A study led by researchers at Cedars-Sinai and NeuroVision Imaging LLC provides a scientific basis for using noninvasive eye imaging to essentially detect signs of Alzheimer’s. The experimental technology, developed by Cedars-Sinai and NeuroVision, scans the retina using techniques that can identify beta-amyloid protein deposits that mirror those in the brain.
Accumulations of neurotoxic beta-amyloid protein can be detected with positron emission tomography, or PET scans, and analysis of cerebrospinal fluid. But these are invasive, inconvenient and costly, according to the study. making them impractical for routine screening and follow-up evaluation.
“This is the first study demonstrating the potential to image and quantify retinal findings related to beta-amyloid plaques noninvasively in living patients using a retinal scan with high resolution,” said Dr. Maya Koronyo-Hamaoui, an associate professor of neurosurgery and biomedical sciences and a research scientist at the Maxine Dunitz Neurosurgical Institute at Cedars-Sinai, in a statement. Koronyo-Hamaoui is also a co-founder, inventor and scientist at NeuroVision. She is the senior leading author of an article in JCI Insight published online Aug. 17.
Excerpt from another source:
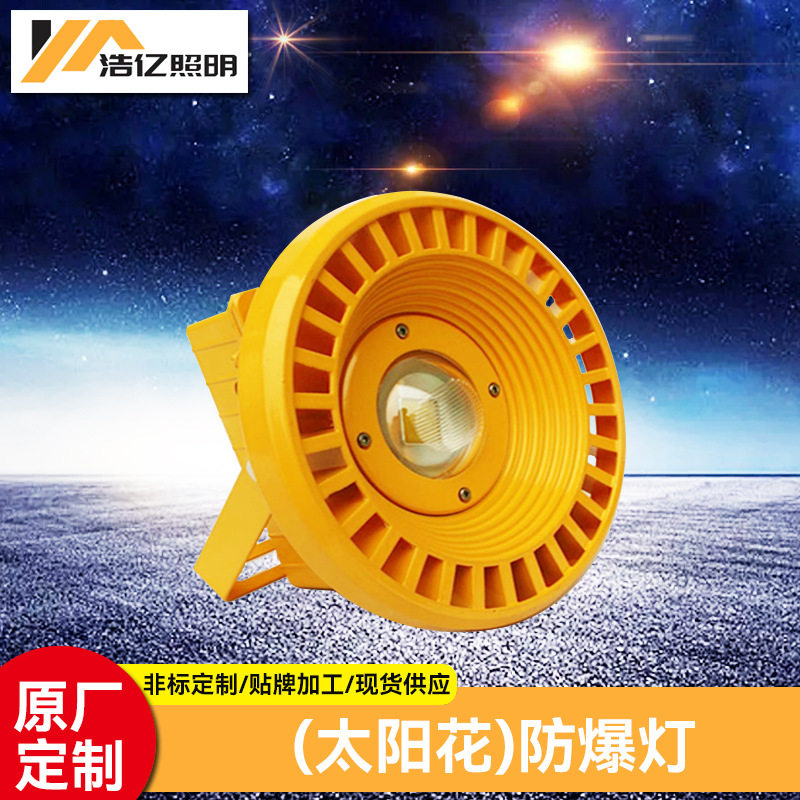 LED圆形防爆灯 投光灯50W200W泛光灯 加油站石油车间化工厂防爆灯图片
“This clinical trial is reinforced by an in-depth exploration of the accumulation of beta-amyloid in the retina of Alzheimer’s patients versus matched controls, and a comparison analysis between retina and brain pathologies,” she said. “Findings from this study strongly suggest that retinal imaging can serve as a surrogate biomarker to investigate and monitor Alzheimer’s disease,”
“As a developmental outgrowth of the central nervous system that shares many of the brain’s characteristics, the retina may offer a unique opportunity for us to easily and conveniently detect and monitor Alzheimer’s disease,” said Dr. Keith L. Black, chairman of NeuroVision, chair of the department of neurosurgery and director of the Maxine Dunitz Neurosurgical Institute at Cedars-Sinai, in a statement. “We know that Alzheimer’s begins as many as 10 or 20 years before cognitive decline becomes evident, and we believe that potential treatments may be more effective if they can be started early in the process. Therefore, screening and early detection may be crucial to our efforts to turn the tide against the growing threat of this devastating disease.”
Steven Verdooner, NeuroVision CEO, said in a statement that the imaging system harnesses the company’s expertise in autofluorescence imaging of the retina using a specialized ophthalmic camera and sophisticated image processing software.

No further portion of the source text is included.